Don’t be afraid to use dark paint in a powder room, dining room or bedroom. A deep tone on the walls can make the space more intimate, dramatic and cozy. And you don’t have to go whole hog – you can paint just an accent wall to draw attention to a dramatic fireplace or a lovely set of windows. If you have built-in bookcases or niches, experiment with painting the insides a color that will make them pop — say, a soft sage green to set off the white pottery displayed within.
Mixing the right accessories can make a room more inviting. When it comes to eye-pleasing accessorizing, odd numbers are preferable, especially three.
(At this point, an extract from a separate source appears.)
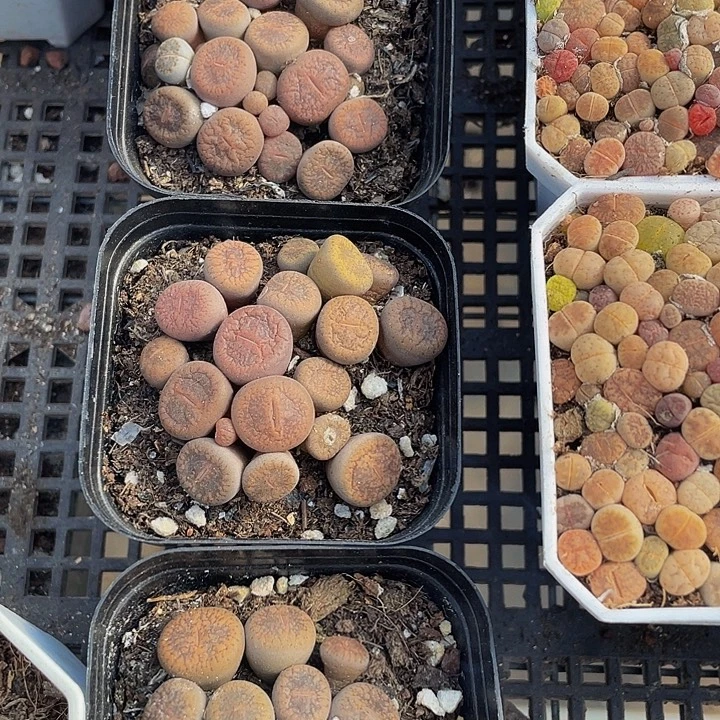 6.5方日轮生石花带盆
Rather than lining up a trio of accessories in a row, imagine a triangle and place one object at each point. Scale is important, too, so in your group of three be sure to vary height and width, with the largest item at the back and the smallest in front. For maximum effect, group accessories by color, shape, texture or some other unifying element, stagers suggest.
Raid Your Yard
Staged homes are almost always graced with fresh flowers and pricey orchid arrangements, but you can get a similar effect simply by raiding your yard. Budding Peony or unfurling fern fronds herald the arrival of spring and summer and add splashes of cheerful color, blazing fall foliage warms up your decor on chilly autumn days and holly branches heavy with berries look smashing in winter.
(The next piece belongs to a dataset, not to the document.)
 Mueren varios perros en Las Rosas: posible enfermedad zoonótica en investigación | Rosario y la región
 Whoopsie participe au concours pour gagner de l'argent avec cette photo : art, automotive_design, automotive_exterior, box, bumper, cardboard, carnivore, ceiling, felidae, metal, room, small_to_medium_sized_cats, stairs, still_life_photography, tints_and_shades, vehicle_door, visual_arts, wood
Unfinished projects can scare off potential buyers, so finish them. Missing floorboards and large cracks in the sidewalk on the way to your door tend to be a red flag, for example, and they cost you less to fix than buyers might deduct from the asking price.
Outdoor Home Staging
It’s the outside of a property that attracts visitors first. Staging the exterior of your home is a critical first step when listing your property for sale. Mow and TRIM the lawn. Prune and clip the bushes. Weed the flower beds and apply a covering of colour matching Mulch. Remove anything cluttering up the yard. Even little Jimmy’s tricycle!Clean the garden furniture, BBQ, garbage can, etc. Get rid of oil stains. Move unused vehicles that are in the way. You want people to park in your driveway and NOT on the street. Make them feel at home from the very first visit. Replace missing shingles on the roof. Show the buyers you care about your investment and they will too! Welcome buyers with your front door. You may want to repaint it but definitely make sure it’s clean and free of spider webs, clutter, and in spring, summer and fall, strategically placed flower pots, containers and tropical plants mean a lot to the buyer and higher sales potential for YOU. Repair broken windows and screens. Paint window and door frames and anywhere else paint is flaking. Remove political or other symbols, such as flags. Alienation of buyers not familiar with, or with the same stance is like saying as a liberal, you won’t sell to conservatives. That isn’t true. Be sure ALL your outdoor lighting is functioning and bright.